I just thought I'd follow up on this review. It's been about a year and a half and this router is still working fine for me. I just recently put it in a grizzly table and it's been great.

I'm thinking about getting a small trim router next since this one is now mounted in my table.

To those just getting started in the hobby. There have been several times when I really wished I had a plunge router. When I was researching I found a lot of stuff that said not to worry about getting a plunge router. I guess it depends on what you want to do. If you want to make mortises with your router get a plunge router or make sure you have a table for it and even then a plunge router would be much better.


----------



## Thumper2004

How did you attach this router to the original table? Was it shop made or store bought? I am looking at making a table for mine and need some suggestions on how to mount it. Thanks!



> I just thought I d follow up on this review. It s been about a year and a half and this router is still working fine for me. I just recently put it in a grizzly table and it s been great.
> 
> I m thinking about getting a small trim router next since this one is now mounted in my table.
> 
> To those just getting started in the hobby. There have been several times when I really wished I had a plunge router.
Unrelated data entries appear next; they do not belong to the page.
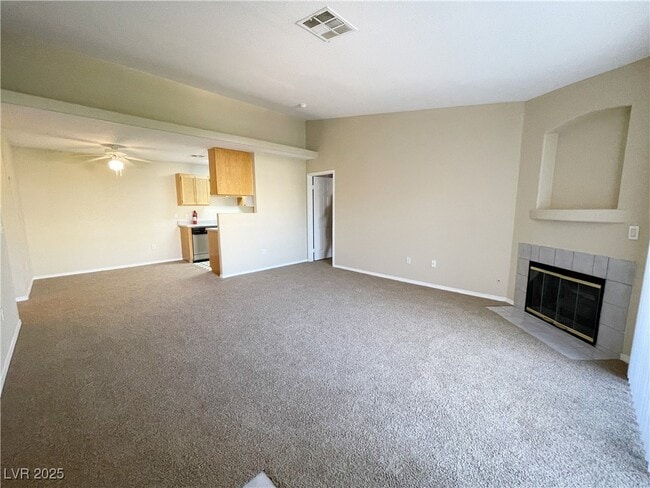 Building Photo - 4730 E Craig Rd Unit 2150 Rental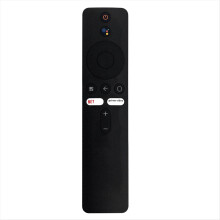 Ersetzen Sie die Sprachfernbedienung XMRM-M2 für MDZ-27-AA MI TV Stick 4K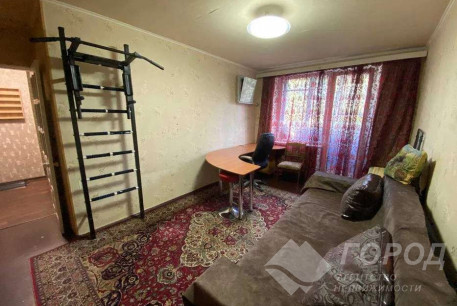 Сдам 2-х кімнатну квартиру, Салтовка, Студенческая метро, Код: 812754/1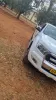Picture of Ford Ranger double cab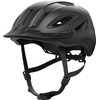 ABUS Urban-I 4.0 LR Black S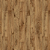 PISO VINILICO EM MANTA TARKETT DECORFLEX 1,5MM JURA BROWN - 60M2 - Imagem 1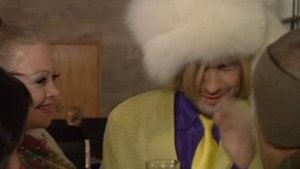 Agent.nacionalnoy.bezopasnosti.3.03.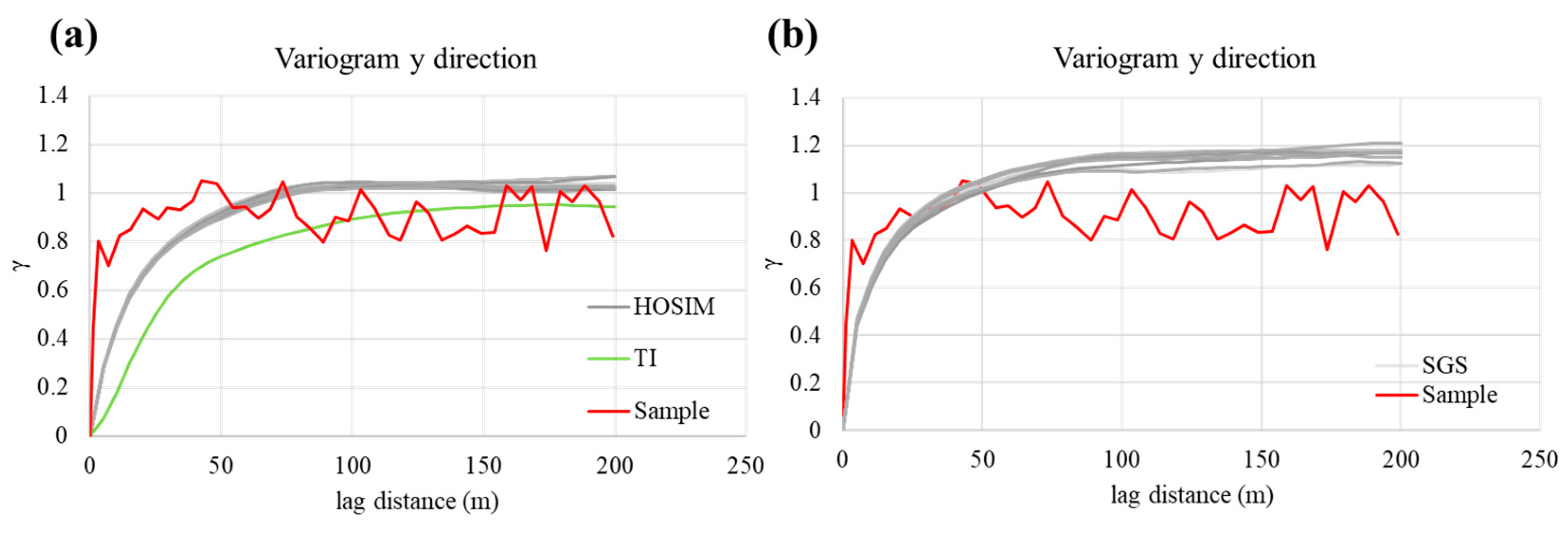 Minerals 14 00123 g008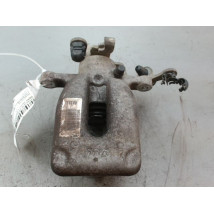 ETRIER DE FREIN ARRIERE DROIT CITROEN BERLINGO II BREAK 2008-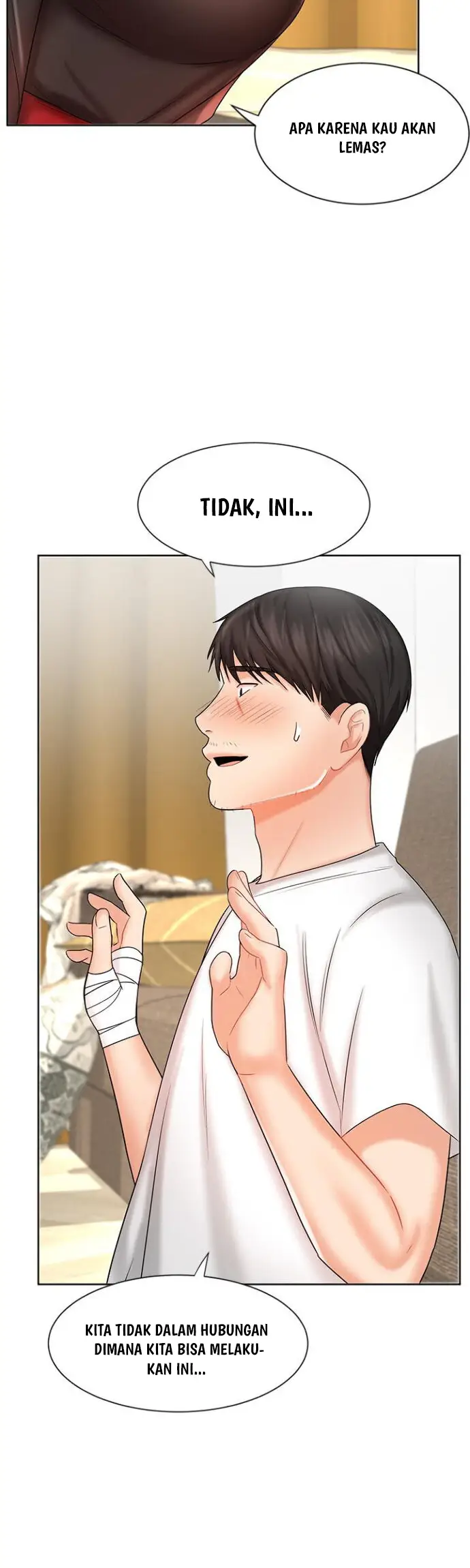 image-komik-sold-out-girl-chapter-10-34/61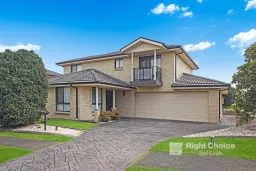 2/2 Pickersgill Way, Shell Cove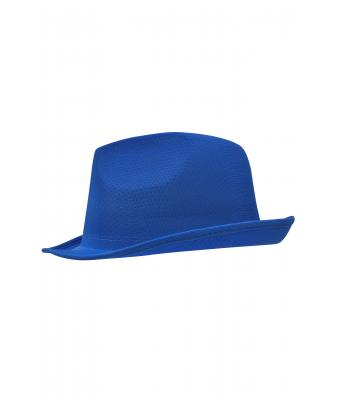 Unisex Promotion Hat Royal 8350
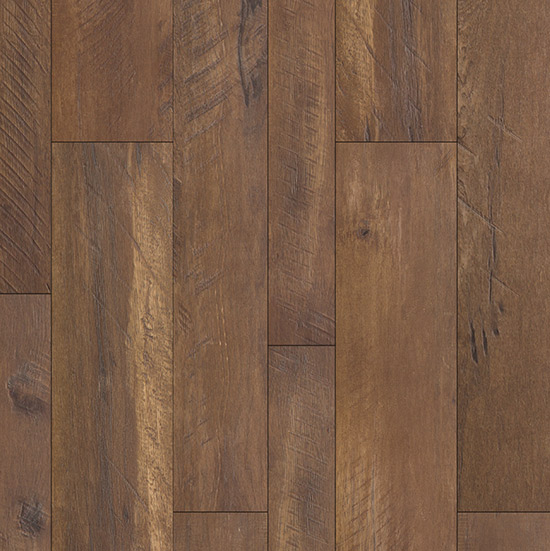 LAMINATE FLOORING - RIVIERA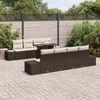 Изображение на продукта 3 от 17
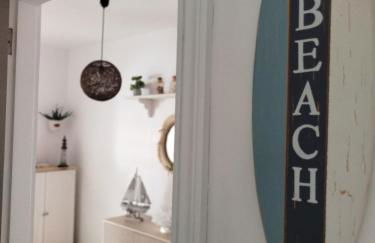 Casa Sebadal - Foto 44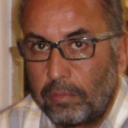 Photo de profil pour le VTC Signature Services sas à Toulouse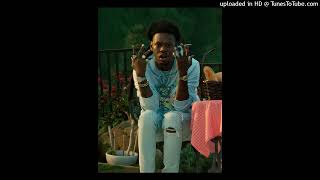 [FREE] Foolio x Hotboii Type Beat - 'Know My Pain'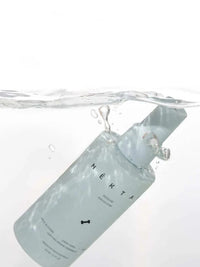 Nektar Pet Wash Nektar Pooche Cologne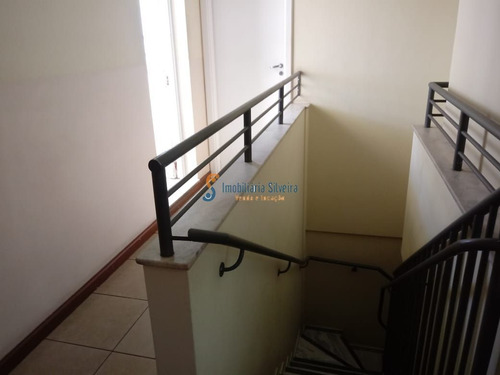 Andar Corrido De Sala Com 224m² Em Excelente Localização No Funcionários - 5659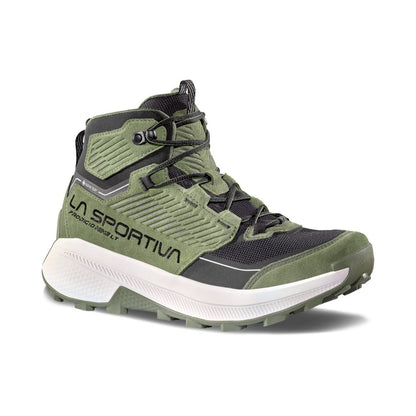 Prodigio Hike LT GTX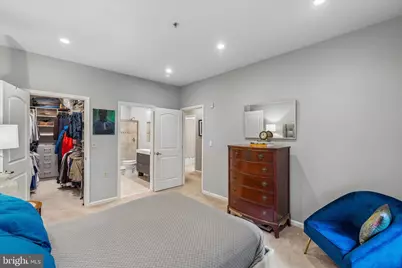 133 N Bread Street #L1, Philadelphia, PA 19106 - Photo 17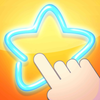 �޺��̵�NeonShopv1.1.0 ��׿��
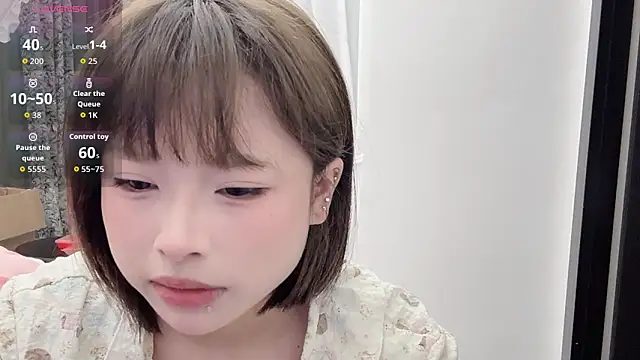 F-Yearn online show from March 7, 2026, 12:46 pm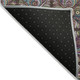 Addison Chantille ACN852 Chocolate Rug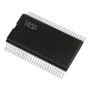 PCF8576T SMD INTEGRATED CIRCUIT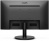 Монитор Philips 22" 222V8LA 1920x1080 VA WLED 85Гц 4ms VGA HDMI DisplayPort Монитор Philips 22" 222V8LA 1920x1080 VA WLED 85Гц 4ms VGA HDMI DisplayPort
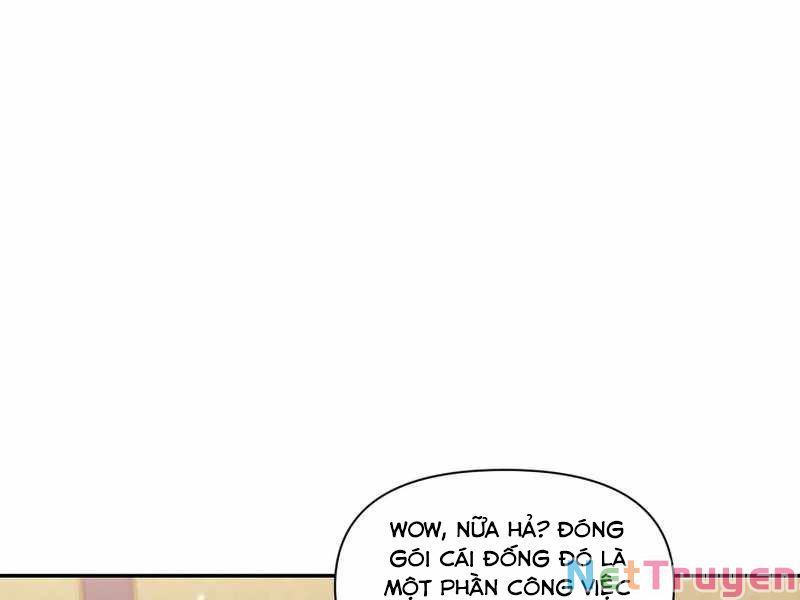 đọc truyện Ký Sự Hồi Quy Chương 40 ảnh 163 tại Thiên Thai Truyện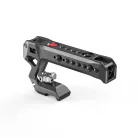 SmallRig 2670 Top Handle NATO w Remote Trigger f. Sony Cameras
When I was researching I found a lot of stuff that said not to worry about getting a plunge router. I guess it depends on what you want to do. If you want to make mortises with your router get a plunge router or make sure you have a table for it and even then a plunge router would be much better.
> 
> 
> 
> 
> 
> 
> 
> 
> 
> 
> - TheLorax


----------



## Thumper2004

Also what size screws are needed to replace the short base plate screws?



> I just thought I d follow up on this review. It s been about a year and a half and this router is still working fine for me. I just recently put it in a grizzly table and it s been great.
> 
> I m thinking about getting a small trim router next since this one is now mounted in my table.
> 
> To those just getting started in the hobby. There have been several times when I really wished I had a plunge router. When I was researching I found a lot of stuff that said not to worry about getting a plunge router. I guess it depends on what you want to do. If you want to make mortises with your router get a plunge router or make sure you have a table for it and even then a plunge router would be much better.
> 
> 
> 
> 
> 
> 
> 
> 
> 
> 
> - TheLorax


----------



## TheLorax

Thumper I just screwed it into the plywood with the original screws if I remember correctly I think I had to recess the spot a bit with a drill bit.


----------